Group photo of the first cohort of the University of Pennsylvania's new National Clinician Scholars Program (NCSP)
Photo: Hoag Levins
The faculty and inaugural scholars of Penn’s new National Clinician Scholars Program gather at a welcoming party. (l to r, rear): Raina Merchant, MD, NCSP Co-Director; scholar Danielle Erkoboni-Wilbur, MD; scholar Tiffany Montgomery, PhD, RNC-OB, C-EFM; scholar Chethan Bachireddy, MD; scholar Joshua Rolnick, MD; Judith Long, MD, NCSP Co-Director; (seated): David Asch, MD, NCSP Co-Director; scholar Stacey Kallem, MD; scholar Esther Smith-Howell, PhD, RN; scholar Jane Zhu, MD, MPP; and NCSP Co-Director Julie Sochalski, PhD, FAAN, RN. [See full bios of all here] Also, see larger photo.

The University of Pennsylvania Perelman School of Medicine marks the opening of a new era with the arrival of the first students for its new National Clinician Scholars Program (NCSP).

Along with orientation on campus, the seven inaugural NCSP scholars were also hosted at a welcoming weekend garden party at the Philadelphia home of  Penn Medicine Assistant Professor of Emergency Medicine and NCSP Co-Director Raina Merchant, MD.

RWJF program successor
The NCSP is the successor to the Robert Wood Johnson Foundation (RWJF)-funded Clinical Scholars program that operated since the 1970s with substantial support from the Department of Veterans Affairs.  The close of that RWJF program was announced in February 2014. A year later, the four universities currently supported by RWJF (Penn, Yale University; the University of California, Los Angeles; and the University of Michigan) announced the creation of their own consortium to continue the traditional mission of clinical scholars.

This year, both programs overlap at Penn as the last RWJF two-year cohort moves toward its final term in 2017 and the first year of the new NCSP begins.

“We can judge the enormous value of the four decades of the Clinical Scholars Program by the number of today’s leaders who were produced and shaped by the program or by the program’s profound and enduring influence on the structure and goals of public and private systems that support health and health care,” said NCSP Co-Director David Asch, MD, MBA.  

Four decades of success
“But,” Asch continued, “perhaps the best market test of the program’s value is this:  As soon as RWJF announced plans to end the program, the four universities and the Department of Veterans Affairs looked for ways to continue it.  So, as we celebrate the arrival of our first cohort of National Clinician Scholars, we are also celebrating four decades of success from the Clinical Scholars Program that came before.”

While similar in content and spirit to the RWJF program it replaces, the NCSP has made a change to foster interdisciplinary proficiency by opening itself to nursing scientists as well as physician scientists.

As with the previous program, Penn NCSP scholars also become Fellows at Penn’s Leonard Davis Institute of Health Economics (LDI), a major national hub of health services research.

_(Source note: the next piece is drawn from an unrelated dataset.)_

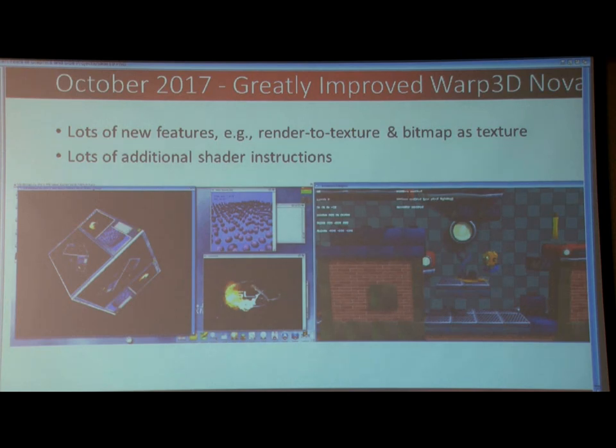Jumping forward a year, so last year, October 2017, we had a greatly improved version of Warp 3D Nova with lots of different features — render to texture, bitmap as texture. You can see here the screen being wrapped onto a cube, which other people thought looks a lot cooler than I realized. I just implemented it as a quick test, and then Jake said actually it's pretty cool, which is true.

All NCSP faculty members are LDI Senior Fellows.

Equity, innovation, quality
The traditional Clinical Scholars concept was designed to produce an elite cadre of health care leaders. Carefully chosen post-resident physicians with a bent for health services research were provided two years of protected research time along with intensive professionalism and leadership training in a program that produced some of the country’s most distinguished health care authorities.

The stated goals of the new NCSP program clearly skew toward the overarching goals of our time: “cultivate health equity, eliminate health disparities, invent new models of care, and achieve higher quality health care at lower cost by training nurse and physician researchers who work as leaders and collaborators embedded in communities, health care systems, government, foundations, and think tanks in the U.S. and around the world.”